Waktu bersama Hpku semakin lama, semangatku juga hambar rasanya. Ya, mungkin benda ini alasannya. Dasar benda laknat ! Aku ingat, hari ini aku harus kuliah tapi aku masih saja asyik dengan benda itu. Aku selalu memberikan dia kesempatan untuk memperalatku, menyita waktunya hanya sekedar untuk merusak mataku, menghancurkan pekerjaanku dan menghancurkan masa depanku. Aku benci diriku sendiri yang sampai saat ini belum bisa membiarkan benda itu berlalu dan tak kugubris sama sekali. Entah bijak atau tidak aku menyalahkan benda itu, tapi sadar atau tidak itu juga karena diriku sendiri yang tidak membatasinya.
Aku berada di kampusku 30 menit sebelum waktu kuliahku, aku berjalan sendiri memasuki ruangan berjalan yang membawaku melewati lantai demi lantai gedung kuliah hanya dengan diam didalamnya. Aku merasa asing, semua kemudahan itu ternyata malah membuatku semakin malas. Aku berjalan menuju ruang kelas ini, aku berharap aku yang pertama datang tapi ternyata sudah ada 3 temanku disana. Tapi sangat lucu, mereka yang juga sedang diperalat oleh benda bernama “Gadget/handphone” itu. Aku lihat mereka saling berjauhan, dan menyibukkan diri dengan gadget masing-masing. Diam tanpa saling menyapa dan aku rasa itu sangat bodoh. Hmm....ini yang dibilang teknologi.

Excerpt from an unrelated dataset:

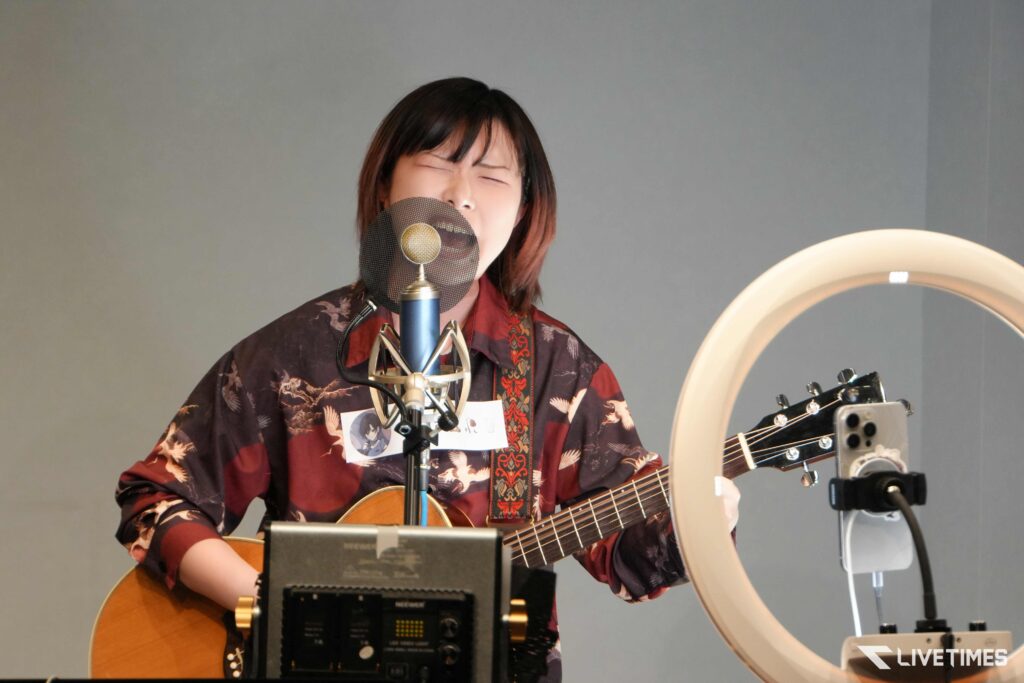 Female musician singing into a microphone with a pop filter while playing an acoustic guitar in a recording setup with a ring light nearby.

Mereka memudahkan , memudahkan kita untuk membuat yang jauh menjadi dekat tapi membuat sesuatu yang sebenarnya dekat menjadi lebih jauh dari yang benar-benar jauh.
Aku memilih untuk menuliskan ini, bukan berarti aku adalah orang yang terbebas dari pembodohan teknologi tersebut tapi karena aku juga korban disini. Aku salah jika menyalahkan zaman ini sebagai sebab dari perubahan yang terjadi. Karena pada hakekatnya aku atau yang lebih pantas aku sebut kita adalah pemegang kendali itu sendiri. Kita adalah nahkoda untuk hidup kita sendiri, kemana arah kapal akan kita bawa itu tergantung kita akan berjalan ke arah mana. Semoga tulisan yang iseng aku tulis ini bisa menjadi tamparan untukku, menjadi pengingat untuk orang lain tapi bukan untuk menasehati. Aku tak pantas menasehati karena aku sendiri membuat tulisan ini hanya untuk berbagi dan hanya untuk bercerita tentang apa yang aku rasakan saat teknologi itu memperdayaku, memperalatku dan membiarku melupakan banyak hal hingga aku tau ada yang hilang dan sesuatu yang hilang itu adalah waktuku. Waktuku untuk menikmati dunia nyata bukan yang maya.

Komentar

Postingan populer dari blog ini

Kumasuki Kisah Baru 5 bulan di kota Baru

                Sejenak, waktu akhirnya menggiringku untuk mengingat kembali blog ini, haha yaya aku lama tak menyentuhnya dengan tulisan-tulisan mungil ini. Entahlah aku yang sibuk atau seolah menyibukkan diri saja ? Tugas kuliah itu banyak banget ditambah lagi kegiatan UKM yang aku ikuti. Tapi yah inilah revolusi waktu yang tetap harus aku jalani. Rasanya baru kemarin aku menulis cerita tentang mimpiku di UGM sekarang udah lagi UAS , sungguh waktu mengajak kita berjalan dengan cepat.                 Mengikuti arus kisah,,,sekarang sudah januari 2015 menandakan   4 deret angka “2014” telah tersubsitusi menjadi “2015” dan masa baru kembali dimulai. Banyak hal yang sudah aku lakuin di Jogjakarta selama 5 bulan ini, jika ini sebuah perjuangan aku tahu ini tak akan sia-sia. Sekarang aku ceritain 5 bulan yang berlalu secara cepat itu Aku aktif di 2 UKM yaitu “Balairung”, ukm untuk para pemuda berjiwa jurnalis. UKM yang menggelarkan pena-penanya untuk menelisik fakta disetiap peris

Kenangan masa kecil yang baik (Part 2)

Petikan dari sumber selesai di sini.